Paolo Crepet "Le nuove tecnologie? Nessuno può sentirsi al sicuro"
intervista a Paolo Crepet
a cura di Maria Agostiniacchio
17 giugno 2024
«C'è sete e fame di parole, di pensiero. Non posso che dire loro ciò che mi sono ripetuto per anni lungo il corso della mia vita: “prendetevi la luna”». Così Paolo Crepet spiega il continuo sold out nei teatri italiani dello spettacolo che prende il nome dal titolo del suo penultimo libro Prendetevi la luna, edito da Mondadori nel 2023. In attesa del nuovo saggio Mordere il cielo in uscita il 24 giugno sempre per Mondadori, quasi in tandem con il precedente per lo stesso sguardo in alto a riappropriarsi delle emozioni, il noto psichiatra, sociologo, educatore, saggista e opinionista torinese torna in Puglia a grande richiesta, in tre date organizzate da Aurora Eventi. Si parte martedì 18 giugno, alle 21, al Castello di Acaya a Vernole (Lecce), mercoledì 19 giugno, alle 21, alle Cave di Fantiano a Grottaglie (Taranto) e giovedì 20 giugno a Trani, in Piazza Duomo.
Dalla schiena curva sulla luce blu del cellulare alla schiena dritta per guardare alla luna e al cielo. Quale lo scenario se non cambiamo postura?
«Dobbiamo essere coscienti che il cambiamento è avvenuto da molti anni e non è solo tecnologico ma anche antropologico. È di questi giorni la notizia della diffusione di internet e cellulari nella tribù dei Marubo, in Amazonia. Dopo il primo entusiasmo è stato un disastro. Le notizie parlano di persone immobilizzate, quasi in coma dentro gli schermi e nessuno lavora più o parla con gli altri.

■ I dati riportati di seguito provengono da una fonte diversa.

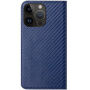 Carcasă flip cu modelul fibrei de carbon pentru iPhone 13 Pro Max - albastru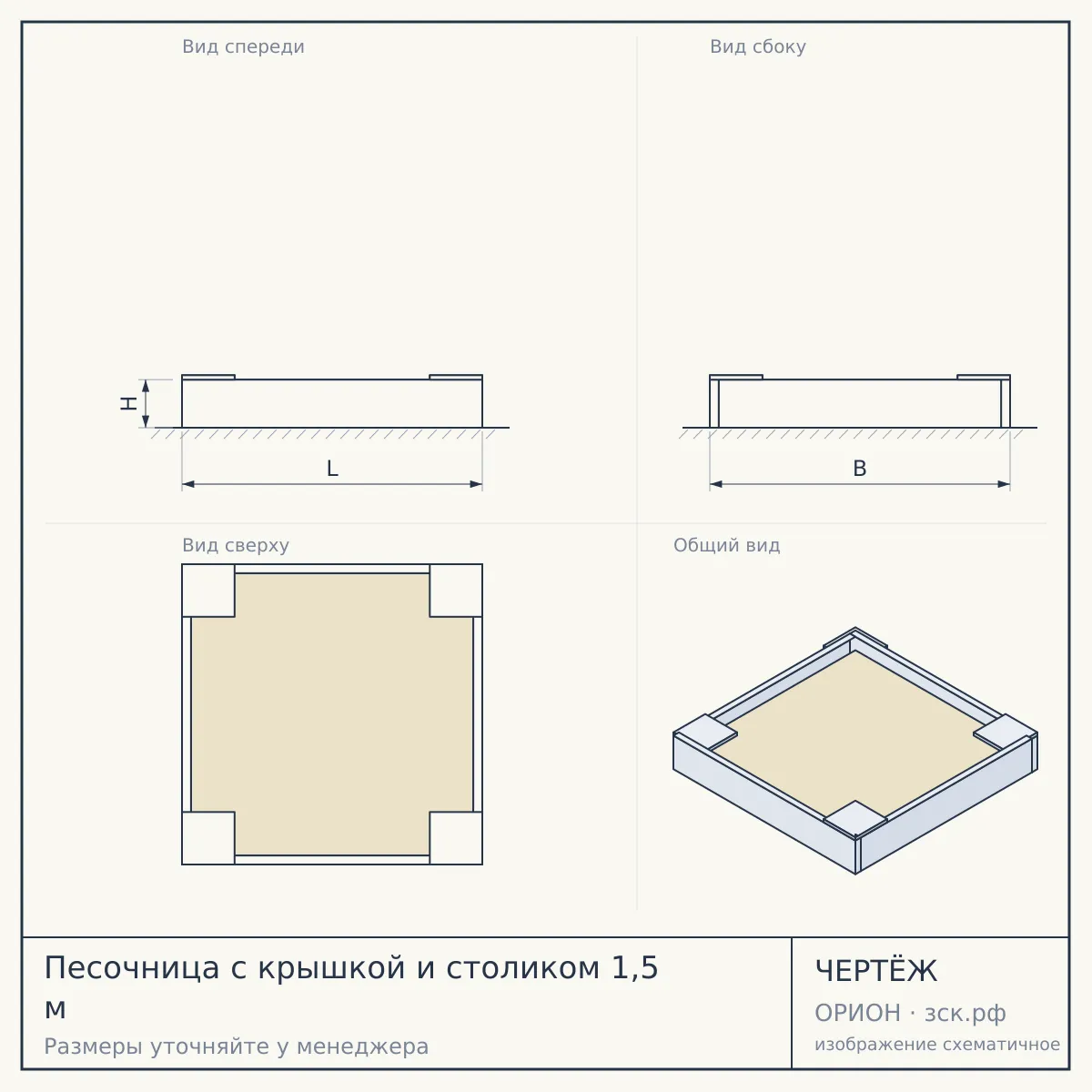 Песочница с крышкой и столиком 1,5 м — чертёж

I rischi sono altissimi ed il prezzo da pagare per una eterna connessione è molto alto, soprattutto nelle generazioni più giovani ma nessuno è al sicuro».
La sua attenzione si è spesso focalizzata sui giovani e sulla relazione con la «sfamiglia», dal titolo del suo saggio del 2009. Il «paziente» famiglia ha compreso le gravi conseguenze in cui incorre nel perseguire l’eterna adolescenza genitoriale?
«Oggi il nonno compra le stesse cose dei suoi nipoti, non è mai successo nella storia umana. Quella cesura era un fatto salutare, ognuno viveva il tempo giusto della sua esistenza. La maggioranza della gente ha compreso questo errore ma forse non interessa molto affrontare un cambiamento. Si è diffusa una sorta di indolenza sul futuro perché è molto faticoso modificare certi comportamenti e si va verso una deriva in cui ciò che perdiamo è superiore al guadagno. Pensiamo di essere al sicuro ma viviamo dentro un bunker».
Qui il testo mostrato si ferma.